[[ EXERCISE INPUTS open ]]

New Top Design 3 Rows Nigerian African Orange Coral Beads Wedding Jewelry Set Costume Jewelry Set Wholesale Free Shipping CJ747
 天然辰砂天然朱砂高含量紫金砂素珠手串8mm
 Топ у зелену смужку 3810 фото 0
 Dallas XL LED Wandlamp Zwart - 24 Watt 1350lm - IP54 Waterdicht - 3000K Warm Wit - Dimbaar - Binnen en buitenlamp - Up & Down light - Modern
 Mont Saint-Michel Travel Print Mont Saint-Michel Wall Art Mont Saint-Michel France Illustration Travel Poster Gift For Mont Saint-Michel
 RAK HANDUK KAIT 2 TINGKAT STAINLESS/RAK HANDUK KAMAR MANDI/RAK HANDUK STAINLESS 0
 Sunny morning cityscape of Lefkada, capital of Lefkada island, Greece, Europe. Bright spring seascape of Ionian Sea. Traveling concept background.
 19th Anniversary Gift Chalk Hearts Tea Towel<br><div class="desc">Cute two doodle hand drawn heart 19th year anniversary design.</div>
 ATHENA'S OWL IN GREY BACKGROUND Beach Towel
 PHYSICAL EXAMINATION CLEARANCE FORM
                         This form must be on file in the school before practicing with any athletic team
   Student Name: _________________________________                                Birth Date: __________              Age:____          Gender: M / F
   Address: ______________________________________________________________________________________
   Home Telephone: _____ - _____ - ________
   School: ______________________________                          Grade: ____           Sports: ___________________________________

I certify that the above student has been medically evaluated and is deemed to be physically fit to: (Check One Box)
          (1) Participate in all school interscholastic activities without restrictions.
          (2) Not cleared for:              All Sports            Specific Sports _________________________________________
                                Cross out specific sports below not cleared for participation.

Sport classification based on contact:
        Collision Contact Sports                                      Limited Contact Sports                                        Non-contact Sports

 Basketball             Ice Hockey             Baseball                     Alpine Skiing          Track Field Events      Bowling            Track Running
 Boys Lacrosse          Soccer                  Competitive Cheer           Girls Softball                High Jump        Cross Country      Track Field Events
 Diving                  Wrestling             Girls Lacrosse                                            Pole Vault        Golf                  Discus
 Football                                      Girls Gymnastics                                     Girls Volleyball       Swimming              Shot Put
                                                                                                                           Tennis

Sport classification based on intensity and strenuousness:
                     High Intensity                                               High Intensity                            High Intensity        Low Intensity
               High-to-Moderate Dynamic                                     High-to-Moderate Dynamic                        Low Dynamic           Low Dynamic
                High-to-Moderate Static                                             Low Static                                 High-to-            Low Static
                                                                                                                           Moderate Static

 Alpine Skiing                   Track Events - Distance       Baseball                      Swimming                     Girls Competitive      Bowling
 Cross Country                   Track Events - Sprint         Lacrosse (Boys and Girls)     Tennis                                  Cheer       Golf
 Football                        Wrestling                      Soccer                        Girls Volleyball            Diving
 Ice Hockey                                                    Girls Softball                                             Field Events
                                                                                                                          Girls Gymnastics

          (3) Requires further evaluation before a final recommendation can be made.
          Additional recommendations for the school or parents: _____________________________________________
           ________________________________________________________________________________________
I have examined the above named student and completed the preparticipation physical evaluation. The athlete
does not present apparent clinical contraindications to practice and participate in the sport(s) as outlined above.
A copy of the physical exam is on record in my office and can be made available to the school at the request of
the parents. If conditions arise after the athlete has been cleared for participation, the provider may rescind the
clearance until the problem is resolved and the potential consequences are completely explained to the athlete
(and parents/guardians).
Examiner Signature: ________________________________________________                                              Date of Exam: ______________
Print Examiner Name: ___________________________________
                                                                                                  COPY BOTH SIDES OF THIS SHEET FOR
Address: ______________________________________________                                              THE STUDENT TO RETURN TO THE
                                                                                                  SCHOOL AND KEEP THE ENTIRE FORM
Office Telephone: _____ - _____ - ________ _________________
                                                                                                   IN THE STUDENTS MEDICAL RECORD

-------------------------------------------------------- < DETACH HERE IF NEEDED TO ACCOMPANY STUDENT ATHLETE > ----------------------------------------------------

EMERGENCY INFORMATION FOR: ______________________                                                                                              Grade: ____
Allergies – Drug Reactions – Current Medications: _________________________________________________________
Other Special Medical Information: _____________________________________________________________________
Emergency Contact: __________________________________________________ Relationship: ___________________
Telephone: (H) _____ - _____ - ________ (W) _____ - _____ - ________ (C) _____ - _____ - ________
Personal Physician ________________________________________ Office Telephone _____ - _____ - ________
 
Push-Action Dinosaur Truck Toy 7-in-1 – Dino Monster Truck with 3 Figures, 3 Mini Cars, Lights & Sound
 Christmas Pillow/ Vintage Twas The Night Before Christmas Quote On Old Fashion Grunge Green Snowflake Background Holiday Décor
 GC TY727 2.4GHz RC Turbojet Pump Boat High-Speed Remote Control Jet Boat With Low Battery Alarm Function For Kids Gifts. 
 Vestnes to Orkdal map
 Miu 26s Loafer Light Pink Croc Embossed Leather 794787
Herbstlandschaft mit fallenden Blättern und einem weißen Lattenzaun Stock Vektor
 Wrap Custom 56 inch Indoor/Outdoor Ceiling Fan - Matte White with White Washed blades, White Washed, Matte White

[[ EXERCISE INPUTS closed ]]

REQUIRED WORK: Reproduce all of the data above, exactly and without omission.

SOLUTION BELOW:
New Top Design 3 Rows Nigerian African Orange Coral Beads Wedding Jewelry Set Costume Jewelry Set Wholesale Free Shipping CJ747
 天然辰砂天然朱砂高含量紫金砂素珠手串8mm
 Топ у зелену смужку 3810 фото 0
 Dallas XL LED Wandlamp Zwart - 24 Watt 1350lm - IP54 Waterdicht - 3000K Warm Wit - Dimbaar - Binnen en buitenlamp - Up & Down light - Modern
 Mont Saint-Michel Travel Print Mont Saint-Michel Wall Art Mont Saint-Michel France Illustration Travel Poster Gift For Mont Saint-Michel
 RAK HANDUK KAIT 2 TINGKAT STAINLESS/RAK HANDUK KAMAR MANDI/RAK HANDUK STAINLESS 0
 Sunny morning cityscape of Lefkada, capital of Lefkada island, Greece, Europe. Bright spring seascape of Ionian Sea. Traveling concept background.
 19th Anniversary Gift Chalk Hearts Tea Towel<br><div class="desc">Cute two doodle hand drawn heart 19th year anniversary design.</div>
 ATHENA'S OWL IN GREY BACKGROUND Beach Towel
 PHYSICAL EXAMINATION CLEARANCE FORM
                         This form must be on file in the school before practicing with any athletic team
   Student Name: _________________________________                                Birth Date: __________              Age:____          Gender: M / F
   Address: ______________________________________________________________________________________
   Home Telephone: _____ - _____ - ________
   School: ______________________________                          Grade: ____           Sports: ___________________________________

I certify that the above student has been medically evaluated and is deemed to be physically fit to: (Check One Box)
          (1) Participate in all school interscholastic activities without restrictions.
          (2) Not cleared for:              All Sports            Specific Sports _________________________________________
                                Cross out specific sports below not cleared for participation.

Sport classification based on contact:
        Collision Contact Sports                                      Limited Contact Sports                                        Non-contact Sports

 Basketball             Ice Hockey             Baseball                     Alpine Skiing          Track Field Events      Bowling            Track Running
 Boys Lacrosse          Soccer                  Competitive Cheer           Girls Softball                High Jump        Cross Country      Track Field Events
 Diving                  Wrestling             Girls Lacrosse                                            Pole Vault        Golf                  Discus
 Football                                      Girls Gymnastics                                     Girls Volleyball       Swimming              Shot Put
                                                                                                                           Tennis

Sport classification based on intensity and strenuousness:
                     High Intensity                                               High Intensity                            High Intensity        Low Intensity
               High-to-Moderate Dynamic                                     High-to-Moderate Dynamic                        Low Dynamic           Low Dynamic
                High-to-Moderate Static                                             Low Static                                 High-to-            Low Static
                                                                                                                           Moderate Static

 Alpine Skiing                   Track Events - Distance       Baseball                      Swimming                     Girls Competitive      Bowling
 Cross Country                   Track Events - Sprint         Lacrosse (Boys and Girls)     Tennis                                  Cheer       Golf
 Football                        Wrestling                      Soccer                        Girls Volleyball            Diving
 Ice Hockey                                                    Girls Softball                                             Field Events
                                                                                                                          Girls Gymnastics

          (3) Requires further evaluation before a final recommendation can be made.
          Additional recommendations for the school or parents: _____________________________________________
           ________________________________________________________________________________________
I have examined the above named student and completed the preparticipation physical evaluation. The athlete
does not present apparent clinical contraindications to practice and participate in the sport(s) as outlined above.
A copy of the physical exam is on record in my office and can be made available to the school at the request of
the parents. If conditions arise after the athlete has been cleared for participation, the provider may rescind the
clearance until the problem is resolved and the potential consequences are completely explained to the athlete
(and parents/guardians).
Examiner Signature: ________________________________________________                                              Date of Exam: ______________
Print Examiner Name: ___________________________________
                                                                                                  COPY BOTH SIDES OF THIS SHEET FOR
Address: ______________________________________________                                              THE STUDENT TO RETURN TO THE
                                                                                                  SCHOOL AND KEEP THE ENTIRE FORM
Office Telephone: _____ - _____ - ________ _________________
                                                                                                   IN THE STUDENTS MEDICAL RECORD

-------------------------------------------------------- < DETACH HERE IF NEEDED TO ACCOMPANY STUDENT ATHLETE > ----------------------------------------------------

EMERGENCY INFORMATION FOR: ______________________                                                                                              Grade: ____
Allergies – Drug Reactions – Current Medications: _________________________________________________________
Other Special Medical Information: _____________________________________________________________________
Emergency Contact: __________________________________________________ Relationship: ___________________
Telephone: (H) _____ - _____ - ________ (W) _____ - _____ - ________ (C) _____ - _____ - ________
Personal Physician ________________________________________ Office Telephone _____ - _____ - ________
 
Push-Action Dinosaur Truck Toy 7-in-1 – Dino Monster Truck with 3 Figures, 3 Mini Cars, Lights & Sound
 Christmas Pillow/ Vintage Twas The Night Before Christmas Quote On Old Fashion Grunge Green Snowflake Background Holiday Décor
 GC TY727 2.4GHz RC Turbojet Pump Boat High-Speed Remote Control Jet Boat With Low Battery Alarm Function For Kids Gifts. 
 Vestnes to Orkdal map
 Miu 26s Loafer Light Pink Croc Embossed Leather 794787
Herbstlandschaft mit fallenden Blättern und einem weißen Lattenzaun Stock Vektor
 Wrap Custom 56 inch Indoor/Outdoor Ceiling Fan - Matte White with White Washed blades, White Washed, Matte White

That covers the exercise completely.